A Carnot engine operates between hot and cold reservoirs with temperatures `527^@ C and -73.0^@ C`, respectively. If the engine performs 1000.0 J of work per cycle, how much heat is extracted per cycle from the hot reservoir?

To solve the problem of how much heat is extracted per cycle from the hot reservoir by a Carnot engine operating between two temperatures, we can follow these steps: ### Step 1: Convert temperatures from Celsius to Kelvin The temperatures of the hot and cold reservoirs are given in degrees Celsius.
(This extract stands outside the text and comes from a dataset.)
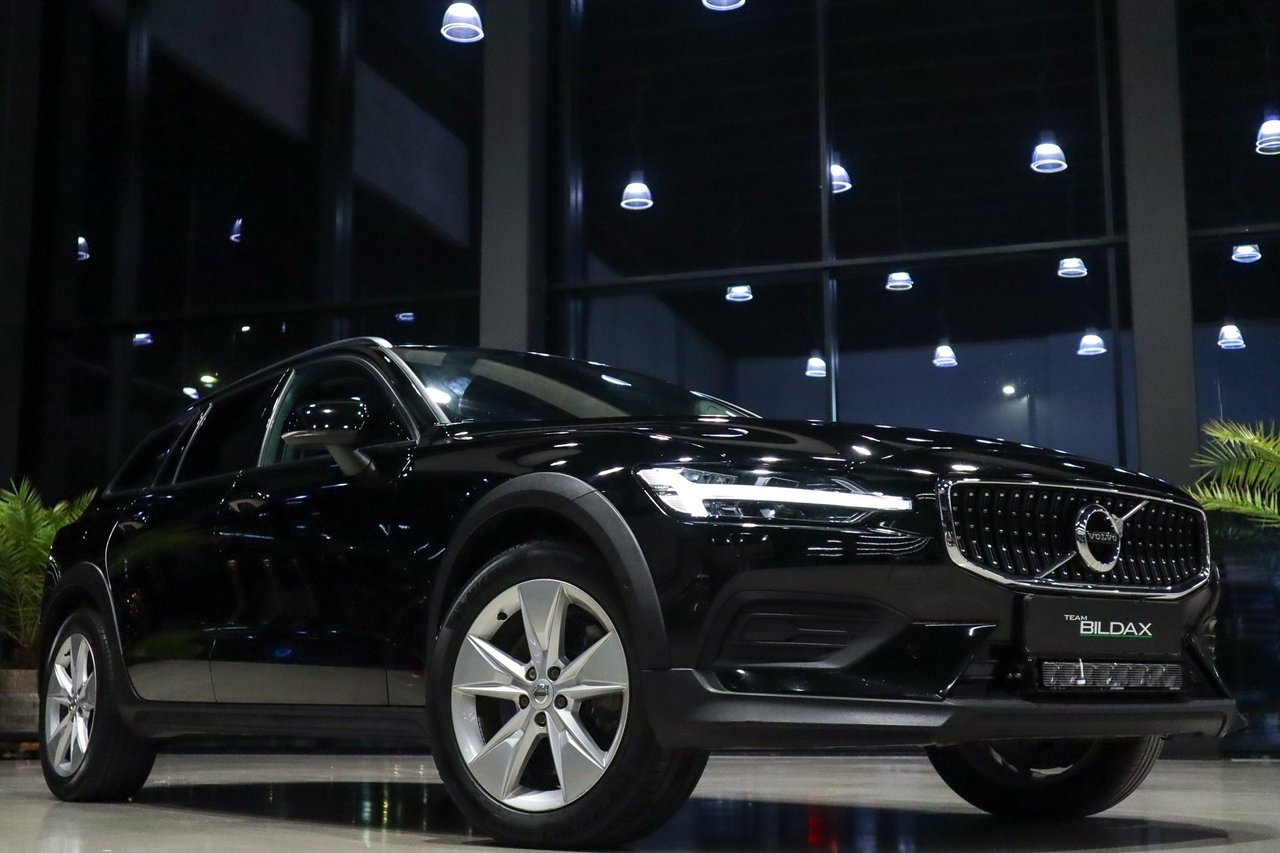 Volvo V60 D4 2019, bild 2/10
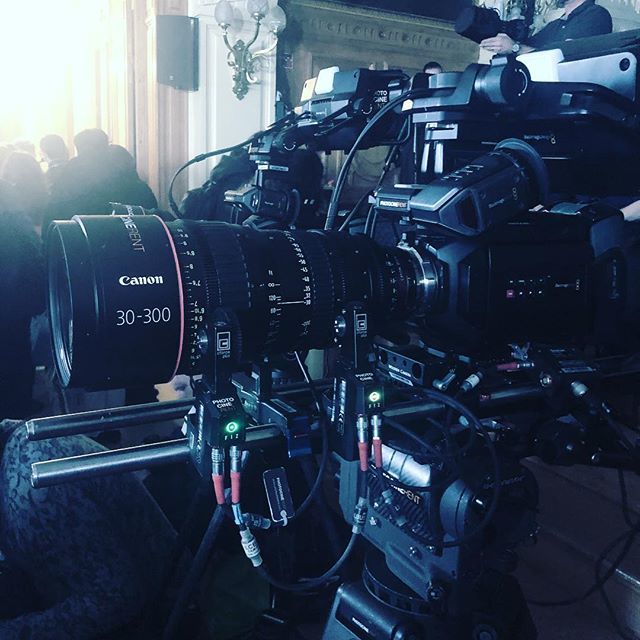 Newkidprod's tweet photo. Nice baby #video #shooting #catwalk #pfw @blackmagicnewsofficial @canonfrance @photocinerent https://t.co/r1X4sUF923 https://t.co/6a6fXsdD3v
We need to convert these temperatures to Kelvin using the formula: \[ T(K) = T(°C) + 273.15 \] - For the hot reservoir: \[ T_H = 527°C + 273.15 = 800.15 K \] - For the cold reservoir: \[ T_C = -73°C + 273.15 = 200.15 K \] ### Step 2: Calculate the efficiency of the Carnot engine The efficiency (\( \eta \)) of a Carnot engine is given by the formula: \[ \eta = 1 - \frac{T_C}{T_H} \] Substituting the values we found: \[ \eta = 1 - \frac{200.15}{800.15} \] Calculating this gives: \[ \eta \approx 1 - 0.250 = 0.75 \] So, the efficiency is 75% or \( \frac{3}{4} \). ### Step 3: Use the efficiency to find the heat extracted from the hot reservoir The efficiency of a Carnot engine can also be expressed in terms of work done (W) and heat extracted from the hot reservoir (Q_H): \[ \eta = \frac{W}{Q_H} \] Rearranging this gives: \[ Q_H = \frac{W}{\eta} \] Given that the work done (W) is 1000 J, we can substitute the values: \[ Q_H = \frac{1000 J}{0.75} \] Calculating this gives: \[ Q_H = \frac{1000}{0.75} = 1333.33 J \] ### Conclusion The heat extracted per cycle from the hot reservoir is approximately **1333.33 J**. ---